By Richard John Charles Galustian.
Tripoli, 5 August:
With an 18,000-square-foot spa, helicopter service upon request the Rixos al-Nasr is Libya’s premier hotel. . . .[restrict]This five-star hotel in central Tripoli housed scores of foreign journalists during last year’s revolution. However, the journalists were forbidden from leaving the hotel without a marafiq, the Arabic word for companion – a genial euphemism for a minder.
In those days, Qaddafi government officials had turned the Rixos into something of a command centre, holding news conferences and anchoring state television broadcasts there. Some officials brought their families to the hotel to stay with them. This is also where, last year in March, Eman el-Obeidi burst into the hotel restaurant full of journalists and alleged that she had been detained and raped by government soldiers.
Arriving at the hotel prior to the elections, it soon became clear to me that the Rixos had been disfigured due to its recent misfortunes.
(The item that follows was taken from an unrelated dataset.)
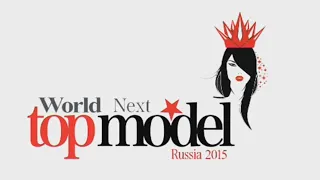 WORLD NEXT TOP MODEL Russia 2015 final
It has, since the end of last year’s fighting, been rocked by a number of wretched incidents. Militia fighters stormed the 120-room oasis in the centre of the Libyan capital on 24 March when one of their senior commanders was asked to leave over an unpaid bill dating back to September 2011. According to a hotel employee, who witnessed the incident, the gunmen shot the air but rounds broke vases in the lobby. The militiamen then rushed off taking the Turkish hotel manager, ?ükrü Koçak, with them. Koçak was released after a few hours. But the damage was done – and not just to vases. Most of the hotel guests decamped.
More recently, in early May this year, two lawyers representing former hotel staff and militiamen filed a case against the hotel and two of its Turkish staff, the chef and store manager alleging food poisoning. Libyan police arrested the two accused after discovering expired food in the staff cafeteria. Koçak, the long-suffering hotel manager, was also arrested but released afterwards.
While Rixos staff waited for a trial, militiamen pressured hotel management to give each alleged victim LD 12,000 (approximately $9,300), say hotel sources. Death threats were also made against some of the hotel’s largely Turkish staff, according to Turkey’s Hürriyet daily. In early June, the majority of staff fled to Turkey. Tripoli was rife with inaccurate rumours that the food poisoning had led to deaths.
On July 3, a judge essentially found the hotel not guilty; well, just a little guilty! The defendants were given a choice by the judge to either spend three months in prison or pay LD 1,000 (approximately $775) each in fines to the Libyan government; in addition, there was a LD 70 fine to be paid by the hotel.
“These false claims explain in part why the Rixos is so empty,” the hotel’s sales manager, Sameh Hassan, told me. He added that, “We are less than half-full at the moment but are slowly getting a Libyan maintenance team in place and in days everything will improve.”
However, the Rixos continues to attract Libya’s elite. It is being regularly used by many NTC members and government ministers to host receptions and meetings and presumably will be used by members of the new National Congress and, when chosen, of the new government. The hotel also seems to be a favourite with foreign VIP delegations. US Senator,John McCain held private meetings with the US Ambassador to Libya and Libyan politicians on its premises on the day of the elections earlier this month.
In mid-August, the Turkish management is planning a full reopening. And perhaps, both Libya and the Rixos will be able to shed away the past and morph into a brighter future.